* Recorded information *
=== Begin Enclosure ===

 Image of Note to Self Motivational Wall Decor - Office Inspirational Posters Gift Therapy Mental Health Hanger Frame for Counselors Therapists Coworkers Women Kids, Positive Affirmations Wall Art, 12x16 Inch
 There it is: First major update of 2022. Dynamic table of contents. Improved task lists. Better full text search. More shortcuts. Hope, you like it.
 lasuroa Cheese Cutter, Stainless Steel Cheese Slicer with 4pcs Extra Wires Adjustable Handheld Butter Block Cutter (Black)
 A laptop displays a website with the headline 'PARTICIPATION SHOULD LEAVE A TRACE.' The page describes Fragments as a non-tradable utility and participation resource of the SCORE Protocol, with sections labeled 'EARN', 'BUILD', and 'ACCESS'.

=== End Enclosure ===

* Description of the task *
Only the lines from the one containing "There it is: First" through the last line of the material should be returned, each one exactly as written.

* Result *
 There it is: First major update of 2022. Dynamic table of contents. Improved task lists. Better full text search. More shortcuts. Hope, you like it.
 lasuroa Cheese Cutter, Stainless Steel Cheese Slicer with 4pcs Extra Wires Adjustable Handheld Butter Block Cutter (Black)
 A laptop displays a website with the headline 'PARTICIPATION SHOULD LEAVE A TRACE.' The page describes Fragments as a non-tradable utility and participation resource of the SCORE Protocol, with sections labeled 'EARN', 'BUILD', and 'ACCESS'.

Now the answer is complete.